▶ [To do]
Among the entries below, take the line with "Farfurie de desert" and the line with "Victorious Runner Crossing", and output them and every line between them exactly, with nothing else.

▶ [Task inputs]
════════════════
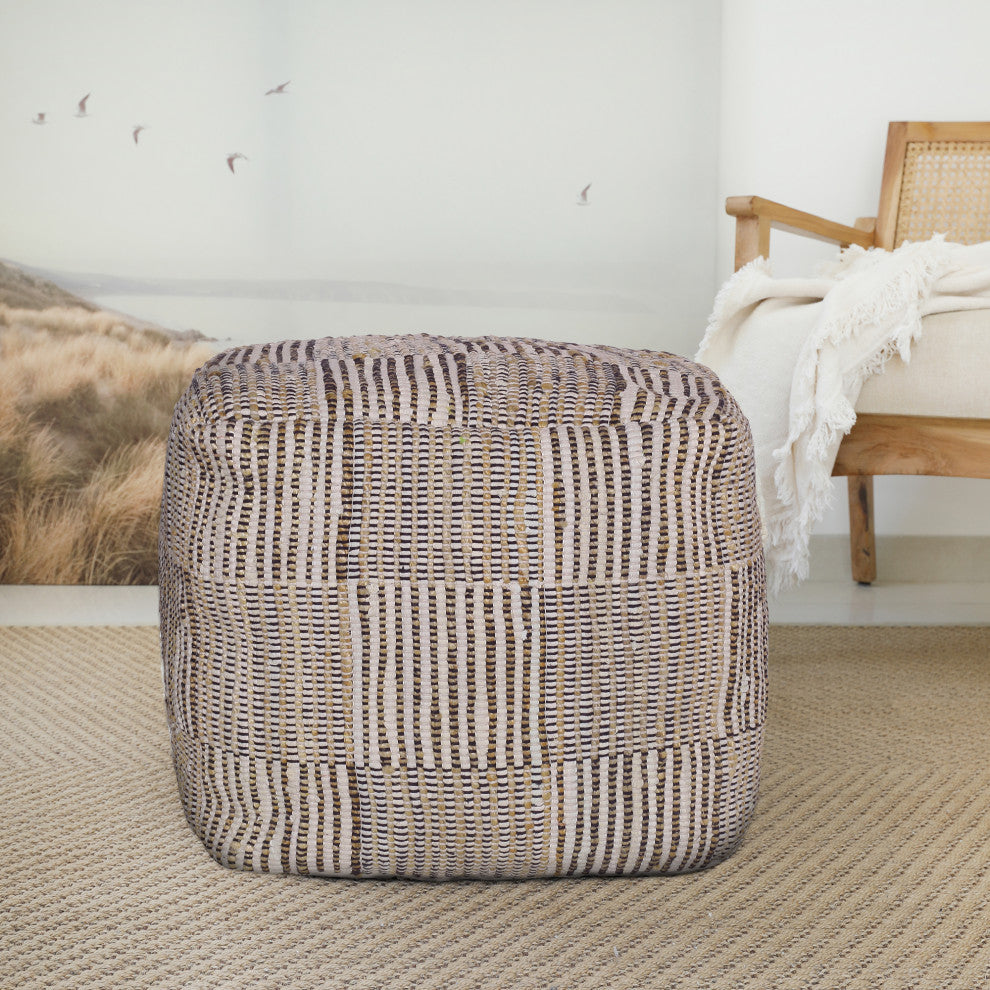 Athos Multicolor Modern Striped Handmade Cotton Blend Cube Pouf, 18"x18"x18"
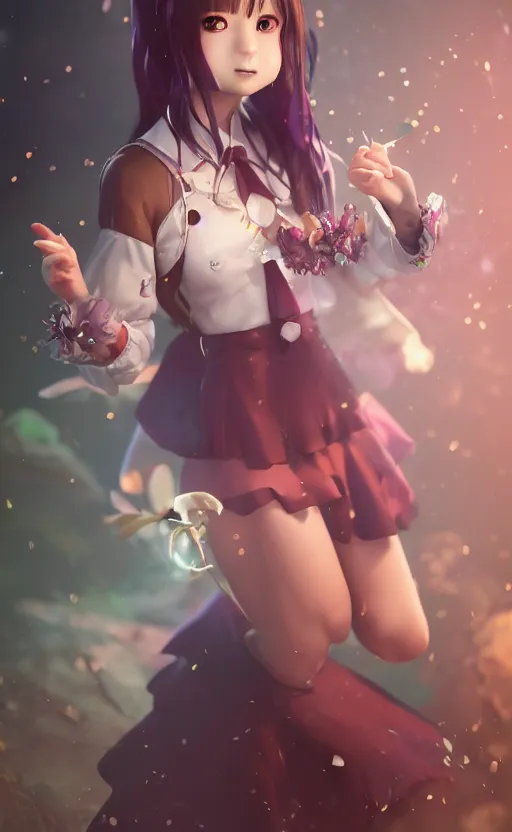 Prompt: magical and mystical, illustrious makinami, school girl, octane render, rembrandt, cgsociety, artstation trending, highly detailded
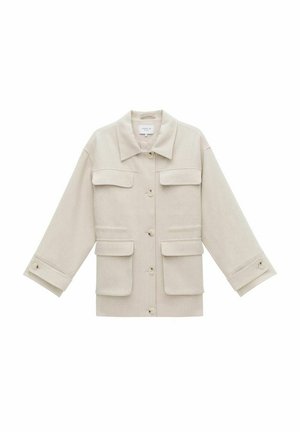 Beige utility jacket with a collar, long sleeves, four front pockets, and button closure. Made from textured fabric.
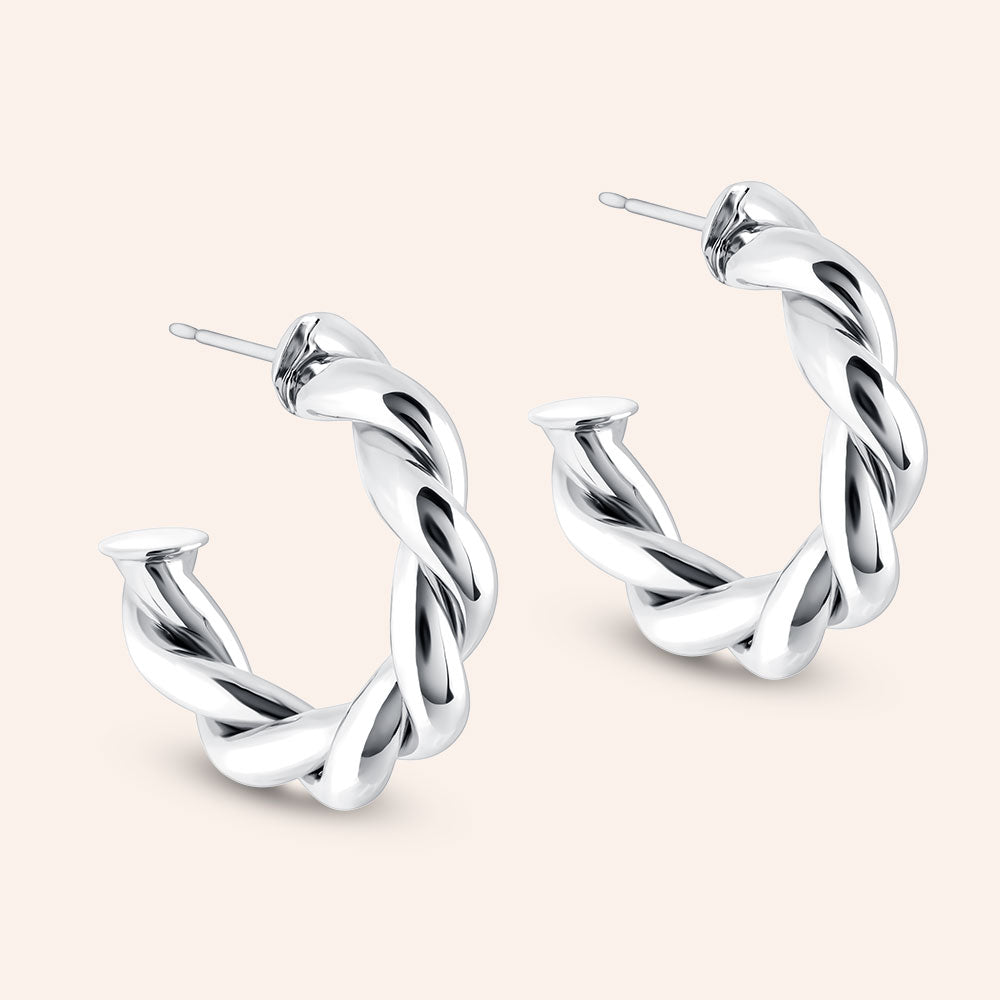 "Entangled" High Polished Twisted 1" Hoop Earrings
════════════════
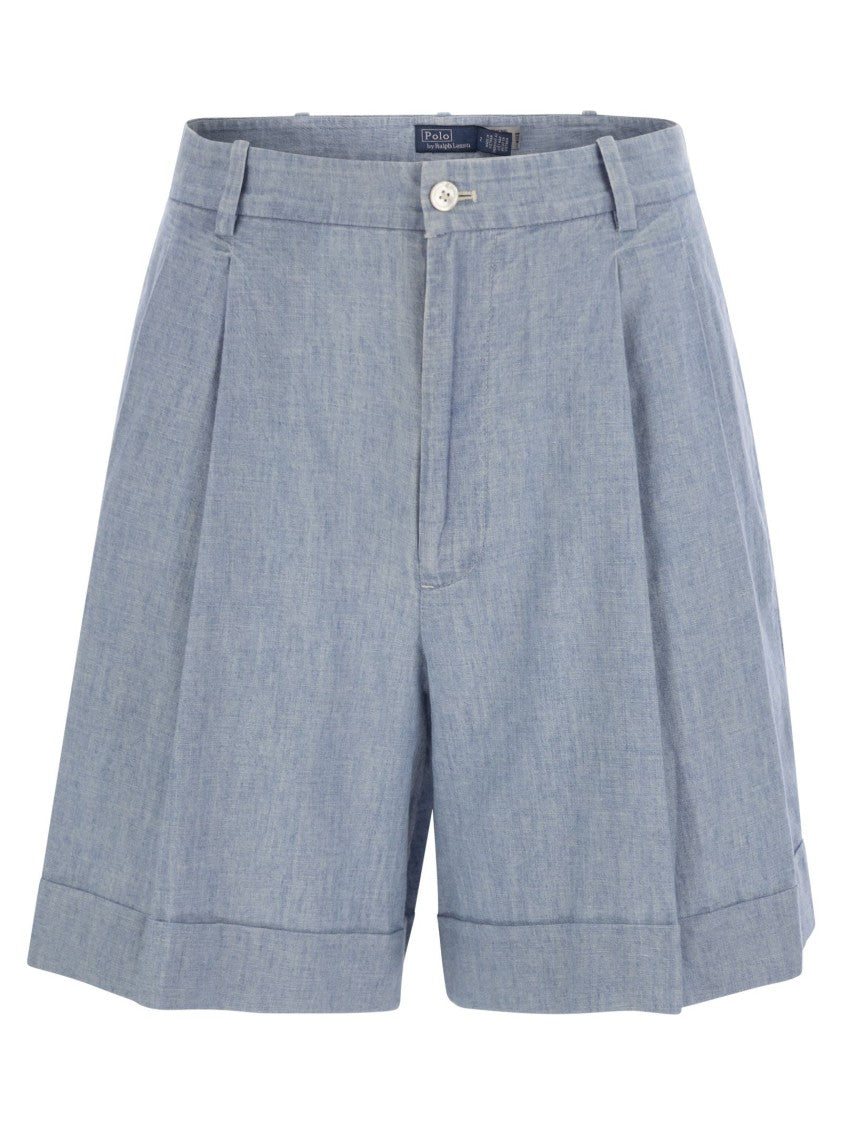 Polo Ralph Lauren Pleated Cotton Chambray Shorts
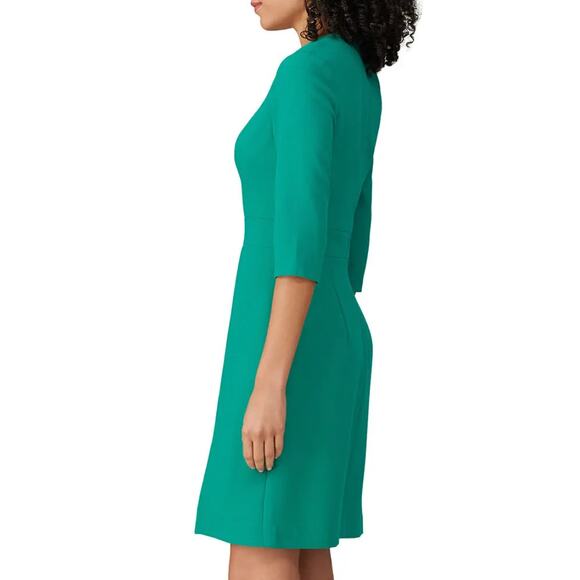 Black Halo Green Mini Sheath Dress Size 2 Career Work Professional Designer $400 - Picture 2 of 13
════════════════
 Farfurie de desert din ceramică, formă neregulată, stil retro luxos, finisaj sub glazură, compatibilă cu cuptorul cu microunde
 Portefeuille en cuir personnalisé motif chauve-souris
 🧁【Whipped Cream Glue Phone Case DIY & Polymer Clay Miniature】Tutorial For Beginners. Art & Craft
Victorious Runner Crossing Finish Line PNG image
════════════════
▶ [Task output]
 Farfurie de desert din ceramică, formă neregulată, stil retro luxos, finisaj sub glazură, compatibilă cu cuptorul cu microunde
 Portefeuille en cuir personnalisé motif chauve-souris
 🧁【Whipped Cream Glue Phone Case DIY & Polymer Clay Miniature】Tutorial For Beginners. Art & Craft
Victorious Runner Crossing Finish Line PNG image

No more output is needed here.